China is going through a blood shortage, and people are forced to consider the black market for necessary supply. Patients in need may require visiting blood heads, or the black market agents, who sell certificates that allow access to state blood banks.

The scenarios is not new for China as it faced such crisis in 1980s and 90s, when local officials motivated farmers to sell their blood and plasma to blood heads, who sold these to blood banks and hospitals. However, unhygienic processing techniques resulted in tens of thousands of blood contracting HIV.


The blood shortage, dubbed as “blood famine,” questions the nation’s ability to safeguard its population against scandal-stained blood supply. The government is pushing policies and campaigns to encourage people for voluntary donation, highlighted by the 1998 blood donation law to ban the commercial sale of blood. The law also limits whole blood donations to twice a year per donor.

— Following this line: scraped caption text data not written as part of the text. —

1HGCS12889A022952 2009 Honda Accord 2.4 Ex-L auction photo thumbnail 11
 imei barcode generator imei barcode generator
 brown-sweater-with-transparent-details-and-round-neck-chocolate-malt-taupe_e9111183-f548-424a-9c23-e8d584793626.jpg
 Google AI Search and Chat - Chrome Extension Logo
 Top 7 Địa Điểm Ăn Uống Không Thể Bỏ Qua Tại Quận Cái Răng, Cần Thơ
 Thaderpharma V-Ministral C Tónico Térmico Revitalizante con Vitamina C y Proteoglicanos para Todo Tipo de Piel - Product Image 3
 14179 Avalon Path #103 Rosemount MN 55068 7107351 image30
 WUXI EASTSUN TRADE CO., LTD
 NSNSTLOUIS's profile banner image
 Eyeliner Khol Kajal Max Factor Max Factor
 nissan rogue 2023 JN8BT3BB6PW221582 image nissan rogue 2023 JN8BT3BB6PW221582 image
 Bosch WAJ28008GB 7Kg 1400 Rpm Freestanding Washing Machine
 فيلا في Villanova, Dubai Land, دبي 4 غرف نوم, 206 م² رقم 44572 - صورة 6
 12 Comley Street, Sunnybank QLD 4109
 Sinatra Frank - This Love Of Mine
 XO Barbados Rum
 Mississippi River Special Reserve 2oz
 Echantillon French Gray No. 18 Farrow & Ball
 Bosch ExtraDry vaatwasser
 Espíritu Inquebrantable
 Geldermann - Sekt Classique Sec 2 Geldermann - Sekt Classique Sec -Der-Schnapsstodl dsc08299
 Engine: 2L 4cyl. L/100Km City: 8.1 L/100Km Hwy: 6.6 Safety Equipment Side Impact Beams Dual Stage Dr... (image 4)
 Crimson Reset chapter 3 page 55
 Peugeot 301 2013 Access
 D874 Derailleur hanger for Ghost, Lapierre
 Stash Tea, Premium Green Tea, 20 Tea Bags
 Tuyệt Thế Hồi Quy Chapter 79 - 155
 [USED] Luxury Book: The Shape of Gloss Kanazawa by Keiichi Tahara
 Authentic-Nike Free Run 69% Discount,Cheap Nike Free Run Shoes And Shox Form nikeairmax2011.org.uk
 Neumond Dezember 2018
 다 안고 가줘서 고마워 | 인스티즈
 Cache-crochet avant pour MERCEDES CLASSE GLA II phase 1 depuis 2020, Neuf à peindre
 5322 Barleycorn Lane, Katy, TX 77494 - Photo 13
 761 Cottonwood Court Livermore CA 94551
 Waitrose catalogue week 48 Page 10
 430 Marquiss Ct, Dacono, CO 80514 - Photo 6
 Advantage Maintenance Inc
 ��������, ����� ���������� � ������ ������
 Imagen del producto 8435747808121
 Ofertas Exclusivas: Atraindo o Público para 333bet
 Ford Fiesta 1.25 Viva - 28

As per the provisions of this law, patients are required to present a certificate at the hospital or blood bank showing they someone in their family or friend circle have donated blood. The certificate is essential to tap the national supply and some hospitals don’t provide blood without such certificate.

However, such a law severely affects patients who require large or regular transfusions, as well as to those who can’t count on their family or friends.

The Chinese government also acknowledges the existence of “blood heads,” and also undertakes crackdown operations from time to time. However, the blood heads are sometimes protected by the same officials. One blood head from Jilin province said that they know all of the cops and there is no need to worry about police.

The government badly needs regular blood supply and is trying to counter the unintended blood famine by taping on the military and students and sometimes resorting to public campaigns to recruit new donors.